Double Secret Behind the Back Surveillance

Adam Liptak had an incredible report in yesterday’s New York Times that surely adds fuel to fire on the government’s warrant-less snooping. You will recall Clapper v. Amnesty International where a group of activists, lawyers, various groups challenged the 2008 surveillance law (FISA Amendments Act) permitting programmatic surveillance. Obama’s Solicitor General Donald Verrilli moved to dismiss for lack of standing because those suing could not show they had actually been harmed by the program. How, in effect, would they know if their communications had been intercepted. How indeed?

The Court agreed with Verrilli. However, a significant admission by Verrilli was made in his brief and oral argument that those under arrest from information gathered by the 2008 law had standing to challenge its constitutionality. Prosecutors would have to give disclose this information to the accused.

Contrary to Verrilli’s statement to the Court in October of last year, the practice subsequently by federal prosecutors has been the opposite. Here’s what they are denying, or maybe just don’t know, but that seems doubtful to me. I’m quoting Verrilli

If the government intends to use or disclose information obtained or derived from” surveillance authorized by the 2008 law “in judicial or administrative proceedings, it must provide advance notice of its intent, and the affected person may challenge the lawfulness of the acquisition. (Again, note the phrase “derived from.”)

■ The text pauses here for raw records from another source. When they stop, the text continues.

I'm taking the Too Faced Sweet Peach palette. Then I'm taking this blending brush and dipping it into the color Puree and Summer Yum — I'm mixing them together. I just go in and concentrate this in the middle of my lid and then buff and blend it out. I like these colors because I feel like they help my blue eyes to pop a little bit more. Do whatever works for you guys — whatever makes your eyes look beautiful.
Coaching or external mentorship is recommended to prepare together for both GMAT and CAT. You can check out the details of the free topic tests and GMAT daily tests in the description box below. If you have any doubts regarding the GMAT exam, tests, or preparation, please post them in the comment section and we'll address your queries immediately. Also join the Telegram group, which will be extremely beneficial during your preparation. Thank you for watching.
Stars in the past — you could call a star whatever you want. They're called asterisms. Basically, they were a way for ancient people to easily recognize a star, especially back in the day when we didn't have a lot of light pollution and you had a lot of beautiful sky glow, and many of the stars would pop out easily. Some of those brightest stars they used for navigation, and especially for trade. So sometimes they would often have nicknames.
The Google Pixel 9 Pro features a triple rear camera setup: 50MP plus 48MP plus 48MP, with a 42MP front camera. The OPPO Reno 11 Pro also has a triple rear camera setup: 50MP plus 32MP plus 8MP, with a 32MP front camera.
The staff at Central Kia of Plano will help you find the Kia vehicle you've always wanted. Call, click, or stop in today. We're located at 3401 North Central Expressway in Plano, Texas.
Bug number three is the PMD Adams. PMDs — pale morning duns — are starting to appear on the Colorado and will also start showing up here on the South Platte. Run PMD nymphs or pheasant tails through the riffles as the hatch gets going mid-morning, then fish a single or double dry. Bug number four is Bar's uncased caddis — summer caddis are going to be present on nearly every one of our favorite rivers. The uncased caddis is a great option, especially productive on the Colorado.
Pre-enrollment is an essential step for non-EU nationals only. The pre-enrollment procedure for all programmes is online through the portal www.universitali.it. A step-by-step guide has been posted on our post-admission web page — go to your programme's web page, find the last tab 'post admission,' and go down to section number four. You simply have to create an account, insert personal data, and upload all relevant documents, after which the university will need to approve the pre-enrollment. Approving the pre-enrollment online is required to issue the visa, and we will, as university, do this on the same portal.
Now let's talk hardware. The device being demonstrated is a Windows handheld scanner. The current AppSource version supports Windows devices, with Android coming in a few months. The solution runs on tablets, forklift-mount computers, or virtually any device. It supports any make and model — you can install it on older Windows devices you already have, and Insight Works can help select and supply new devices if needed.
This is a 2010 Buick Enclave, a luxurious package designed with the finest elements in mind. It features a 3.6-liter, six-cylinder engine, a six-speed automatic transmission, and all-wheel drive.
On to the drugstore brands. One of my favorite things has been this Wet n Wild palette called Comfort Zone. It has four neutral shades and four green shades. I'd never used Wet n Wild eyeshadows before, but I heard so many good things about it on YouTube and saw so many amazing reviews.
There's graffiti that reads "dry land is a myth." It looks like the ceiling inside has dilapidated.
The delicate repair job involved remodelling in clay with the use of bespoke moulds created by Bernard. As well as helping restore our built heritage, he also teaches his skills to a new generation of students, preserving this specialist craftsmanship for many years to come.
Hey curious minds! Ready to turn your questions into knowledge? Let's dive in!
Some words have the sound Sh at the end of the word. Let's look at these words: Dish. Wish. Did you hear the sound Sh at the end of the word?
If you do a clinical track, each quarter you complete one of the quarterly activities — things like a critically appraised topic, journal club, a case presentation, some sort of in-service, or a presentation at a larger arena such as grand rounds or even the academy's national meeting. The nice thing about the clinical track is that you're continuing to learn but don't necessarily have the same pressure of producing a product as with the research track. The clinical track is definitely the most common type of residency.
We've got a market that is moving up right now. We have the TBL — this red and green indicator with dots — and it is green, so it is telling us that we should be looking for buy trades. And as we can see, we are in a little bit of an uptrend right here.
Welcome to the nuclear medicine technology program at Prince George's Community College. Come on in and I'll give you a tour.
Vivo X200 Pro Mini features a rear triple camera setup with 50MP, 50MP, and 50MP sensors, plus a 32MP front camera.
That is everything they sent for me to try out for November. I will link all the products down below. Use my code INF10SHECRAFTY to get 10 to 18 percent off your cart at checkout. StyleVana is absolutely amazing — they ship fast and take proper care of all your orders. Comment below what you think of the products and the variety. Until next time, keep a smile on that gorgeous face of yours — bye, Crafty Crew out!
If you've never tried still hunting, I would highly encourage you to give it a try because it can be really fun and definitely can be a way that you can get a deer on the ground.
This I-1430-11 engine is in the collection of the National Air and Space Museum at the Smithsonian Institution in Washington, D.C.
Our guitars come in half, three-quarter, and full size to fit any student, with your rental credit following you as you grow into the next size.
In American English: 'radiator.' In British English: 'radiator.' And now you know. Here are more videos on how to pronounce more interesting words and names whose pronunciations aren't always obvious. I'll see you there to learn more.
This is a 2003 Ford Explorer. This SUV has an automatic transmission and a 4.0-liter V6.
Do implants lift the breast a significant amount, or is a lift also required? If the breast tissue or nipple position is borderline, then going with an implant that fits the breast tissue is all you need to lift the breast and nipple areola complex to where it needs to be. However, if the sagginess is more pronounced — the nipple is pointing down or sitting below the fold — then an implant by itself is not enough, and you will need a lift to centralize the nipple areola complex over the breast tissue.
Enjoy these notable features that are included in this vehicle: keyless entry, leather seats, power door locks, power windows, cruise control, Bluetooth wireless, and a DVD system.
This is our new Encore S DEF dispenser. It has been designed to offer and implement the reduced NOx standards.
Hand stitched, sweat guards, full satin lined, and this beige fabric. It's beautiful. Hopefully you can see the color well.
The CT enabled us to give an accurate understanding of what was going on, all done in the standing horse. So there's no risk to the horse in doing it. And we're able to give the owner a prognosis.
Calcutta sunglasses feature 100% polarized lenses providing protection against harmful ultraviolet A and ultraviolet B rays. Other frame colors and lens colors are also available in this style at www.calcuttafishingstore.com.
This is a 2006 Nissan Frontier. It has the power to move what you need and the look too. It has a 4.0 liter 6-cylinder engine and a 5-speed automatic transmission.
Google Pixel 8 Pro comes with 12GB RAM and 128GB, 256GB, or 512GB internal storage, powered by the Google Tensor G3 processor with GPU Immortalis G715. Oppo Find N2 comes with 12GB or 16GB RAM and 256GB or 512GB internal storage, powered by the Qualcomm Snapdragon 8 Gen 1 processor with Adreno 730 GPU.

Liptak reports on 2 prosecutions this year where an arrest was made, most likely, on the basis of information obtained from the 2008 law, but prosecutors have refused to reveal the source of that information to the accused. They can’t challenge what they don’t know for sure. Federal prosecutors are so far ducking Verrilli’s claim made before the Supreme Court. In one case, the federal judge has ordered them to disclose it and the feds have filed for reconsideration. In effect, the Court’s question to Verrilli remains: Can anyone challenge the 2008 surveillance law’s constitutional status?